# Prompt
With pictures left out, copy exactly every line from the one containing "What we're seeing" through the end of the material.

# Dataset extract
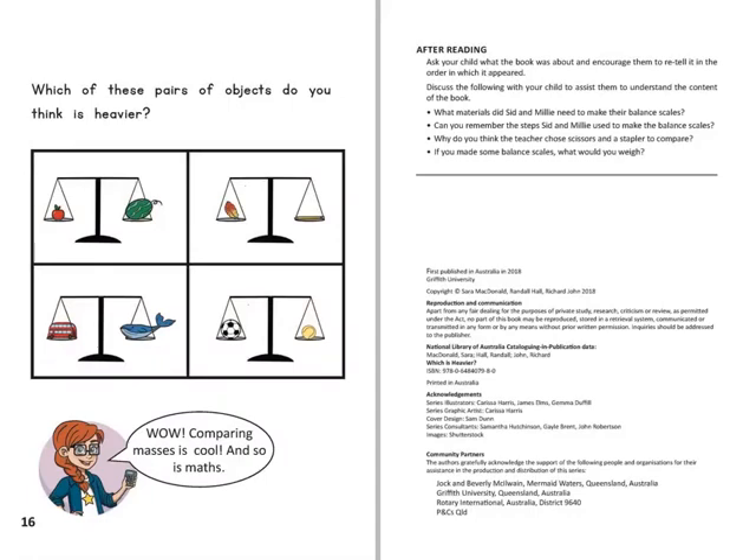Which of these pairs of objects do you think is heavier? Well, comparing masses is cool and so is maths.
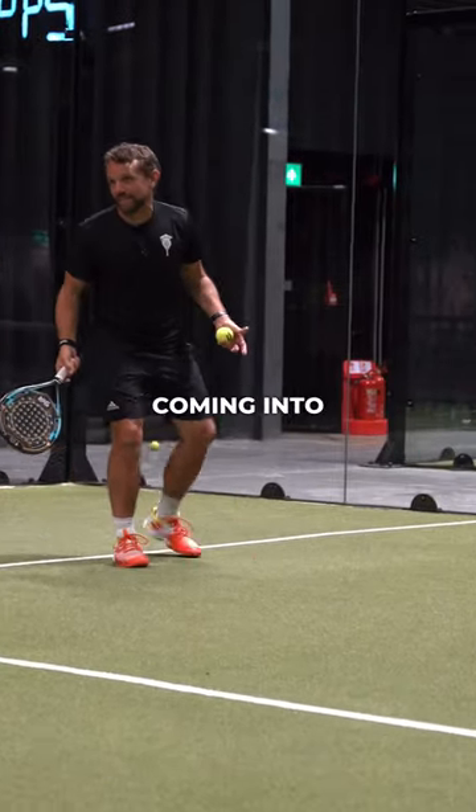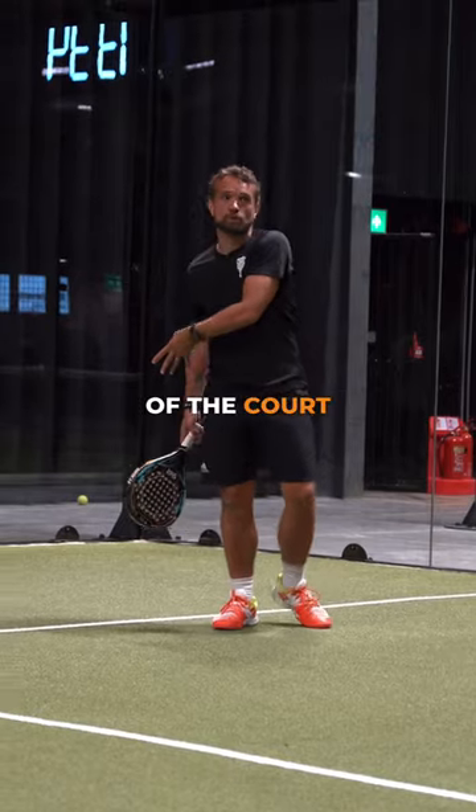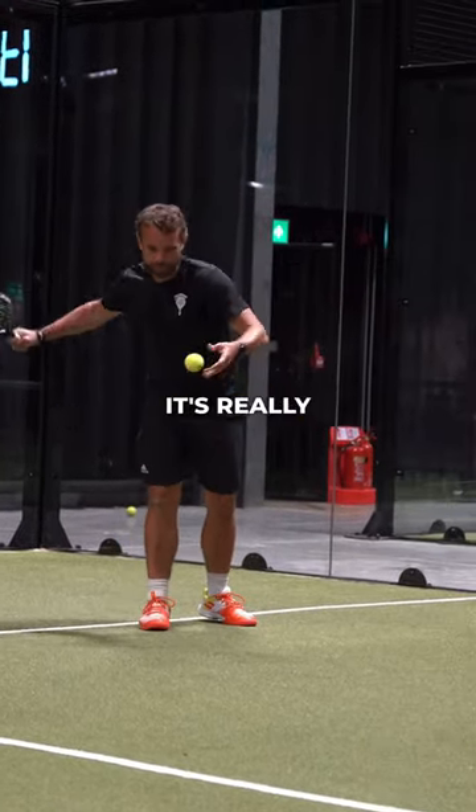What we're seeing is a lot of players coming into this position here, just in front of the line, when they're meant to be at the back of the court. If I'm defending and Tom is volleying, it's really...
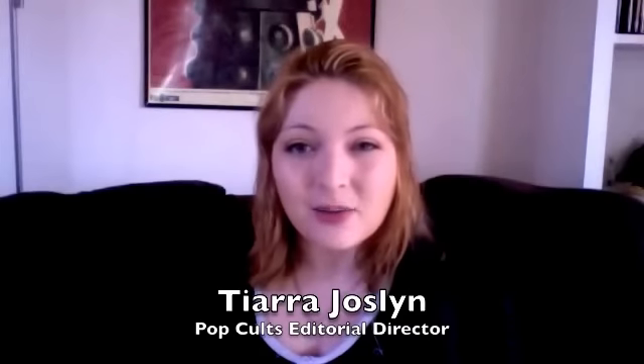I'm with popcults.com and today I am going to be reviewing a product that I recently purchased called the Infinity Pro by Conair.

# Answer space
What we're seeing is a lot of players coming into this position here, just in front of the line, when they're meant to be at the back of the court. If I'm defending and Tom is volleying, it's really...
I'm with popcults.com and today I am going to be reviewing a product that I recently purchased called the Infinity Pro by Conair.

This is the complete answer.